If given the chance, will you do a drama series of 10 episodes or do a movie Why?
I started my career path in film industry and certainly I still want to make films. However, films come and end fast, and cannot be developed once it ends. Moreover, making feature films is quite challenging as Thai film industry is quite monopolized by big studios. Thus, if I have to choose for my survival, I would choose making series. LOL
How are independent film companies in Thailand compete with the big studios?
What can make us compete with the big studios is we make what we think the audiences and the market want to see, and of course, there are business issues involved. We just need to find out what content we should sell, which client we should work with. Though, our channels are less than the big studios, we still try our best to find a way to draw the audiences’ attention to our channel.
What are your views about the Thai film industry?
As I’ve mentioned that Thai film industry is quite monopolized by big studios. Not only the cinema system, but also the big studios that have a large market share and cause the small studios to almost have no space to express themselves.
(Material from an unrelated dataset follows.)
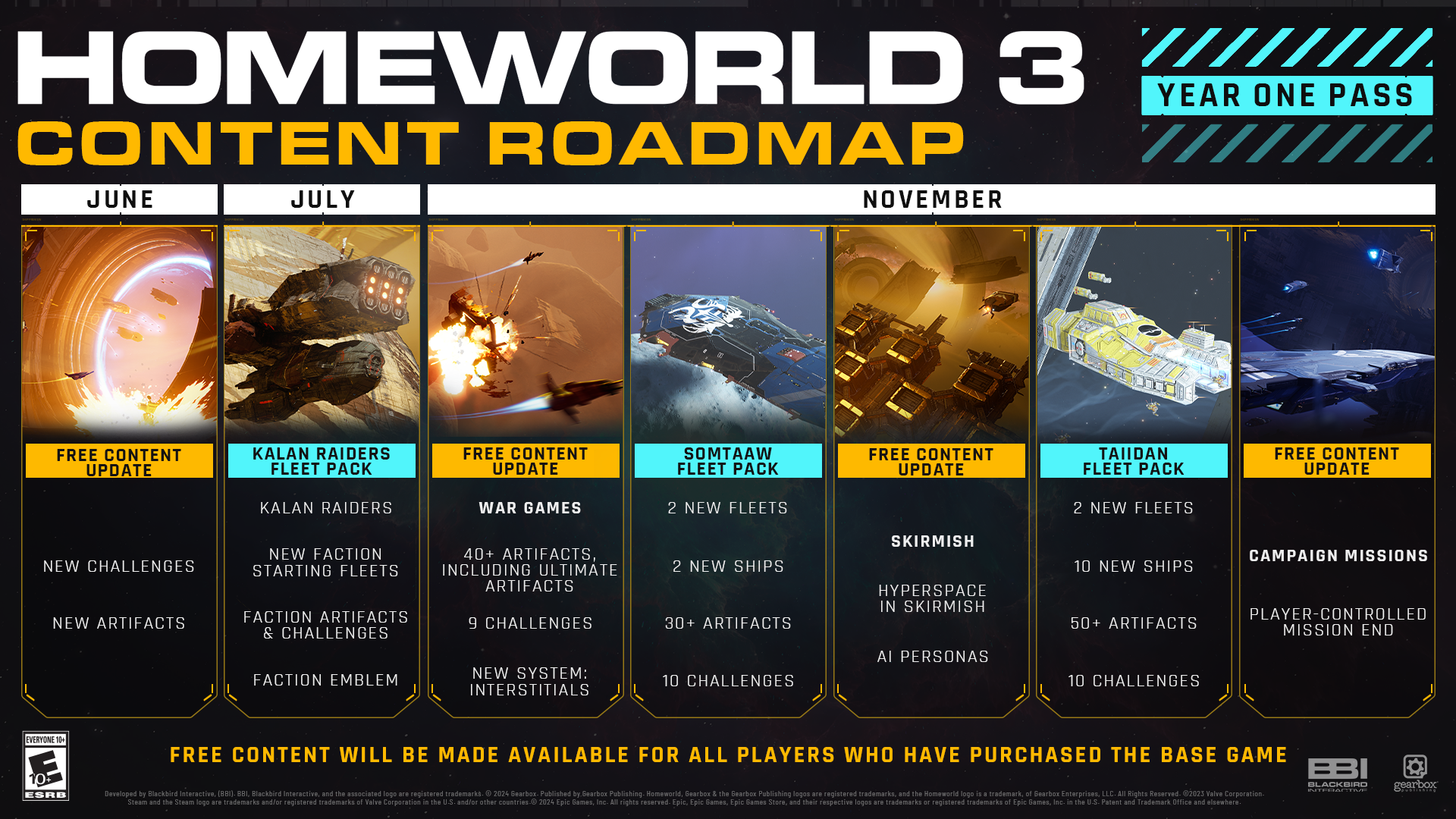 Homeworld 3 recibirá dos de sus paquetes DLC este noviembre en lugar de 2025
However, there are still a group of people in Thai film industry trying to push short films and smaller films to happen. That’s why I think Thai films are great but not powerful enough to become film industry as small studios cannot compete with large studios fairly. I can only say that we have film studios in Thailand but we still cannot really call ourselves “Film industry”.
The PsychoMilk team thanks Dir. Nam for this interview opportunity and looks forward for the upcoming series, My Ride, I Love You.